The Ring: A focus on Imagery to create atmosphere in films

As the 6th highest grossing  horror film in the US "The Ring" raked in $129,000,000 in the box office. It's success as a psychological horror film is contributed greatly to by it's fantastic use of imagery to set an atmosphere of terror in the audience.

While it may not possess copious amounts of gore as can be found in a slasher type of film (Psycho, Halloween etc.), or enormously ugly monsters of a sci-fi horror flick (Alien), "The Ring" is able to inspire ludicrous amounts of fear in it's target audience through it's iconic imagery amounting to moments of suspense before the next big scare.

Detailed underneath will be some of the most iconic images in "The Ring"



The Video

Turning a staple of modern culture (at the time of the original "Ringu" anyway) into an instrument of death, that is a very frightening thing indeed, by making the familiar object a symbol of death the terror it causes on the audience is fealt more keenly than if a less common item were to be used. By selecting the videotape, it allows it's audience to sub-consciously comtemplate the very real possibility of there own tape harbouring such a fate, thus hightening the fear of the viewers.
The tape can also be seen as the film challenging societies reliance on technology to get by, it does this by making what we depend on the cause of the on screen characters peril.

Child Saviour and Murderer

When his mother watches the tape that will kill her, only Aiden Keller can provide the cryptic clues  through his semi-psychic abilities that could save her from the evil girl lurking within.

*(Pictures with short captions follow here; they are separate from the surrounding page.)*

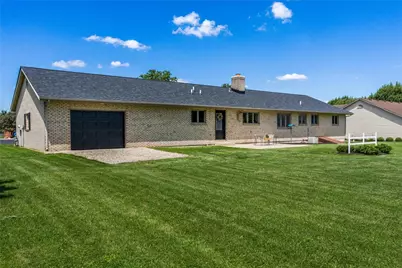 426 Mitchell Road, Union Twp, OH 45177 - Photo 49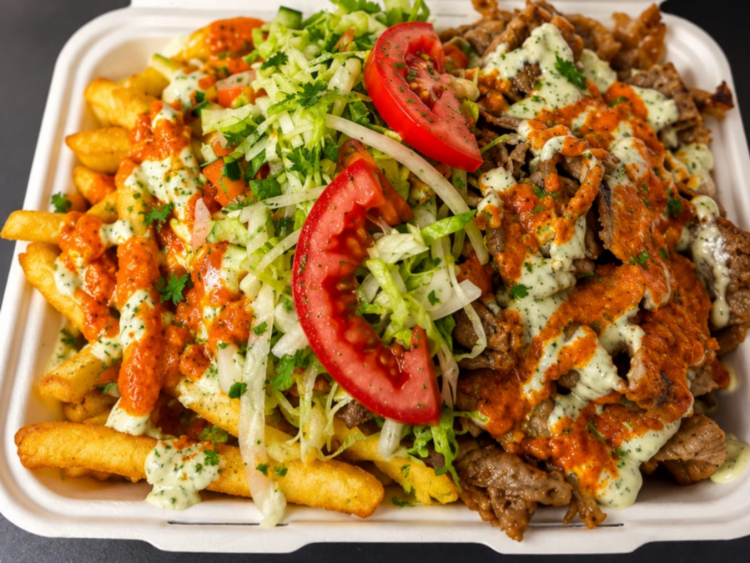 Angus Doner slider image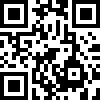 https://shahr.ir/xJj8
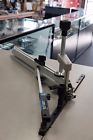 36-946 Delta Industrial Precision Mitre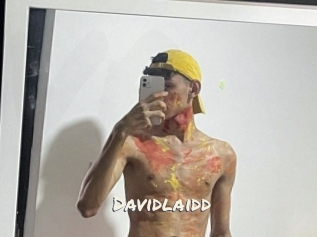 davidlaidd Vierges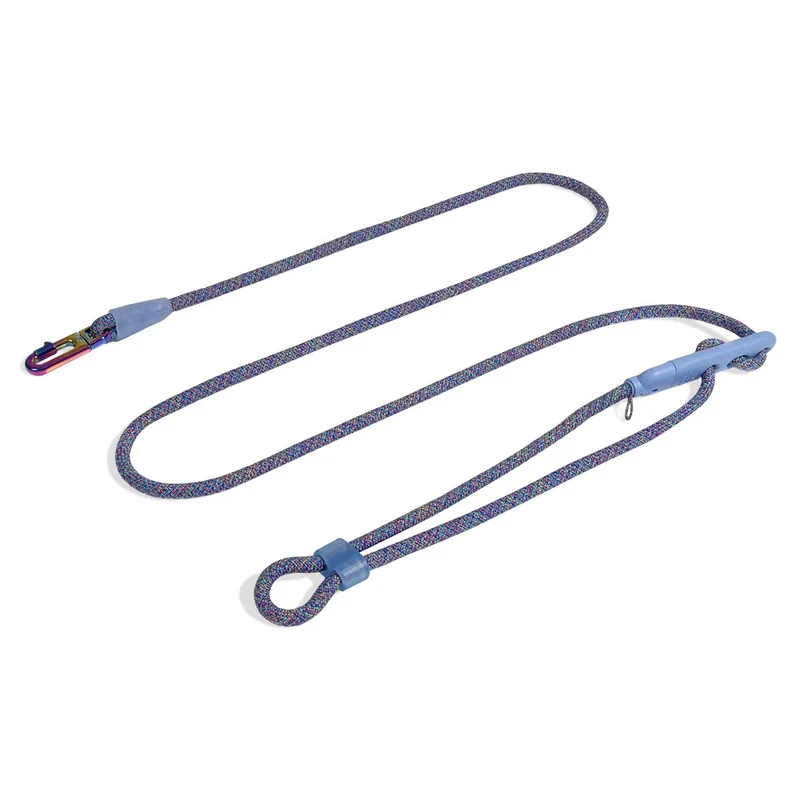 Hands-Free Hundeleine, Andromeda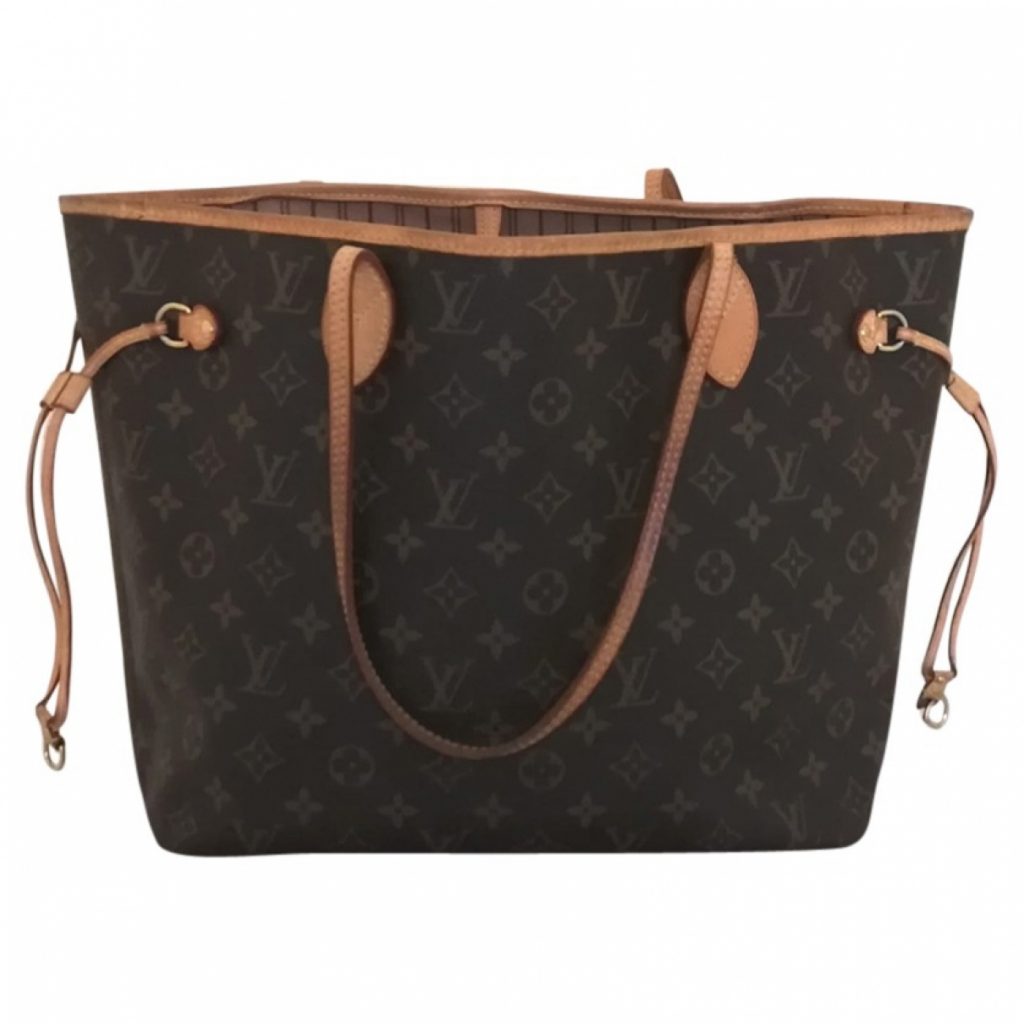 Ich möchte kaufen diese Handtasche, aber ich weiß nicht, ob es original ist  oder fake? (Tasche, Louis Vuitton)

The image provided here of the child being both a saviour and killer, is a dramatisised representation of the new generation coming through in the early years of the new Millenium, who can either improve the world or destroy it.                                                   Aiden represents the innocence and hope children bring, and is an important plot device as he himself  provides his mother with hope of surviving the killer tape, this combined with his innocence allow his character to create rare moments of calm.
On the flipside of this is the spirit of the tape, Tamara, representative of an average little girl at first glance, she represents vengeance and wrath, seeking retribution through the tape for the way she was treated as a child. She is there to increase the tension at key points in a scene by utilizing her average appearance to create sheer and utter terror in the age demographic.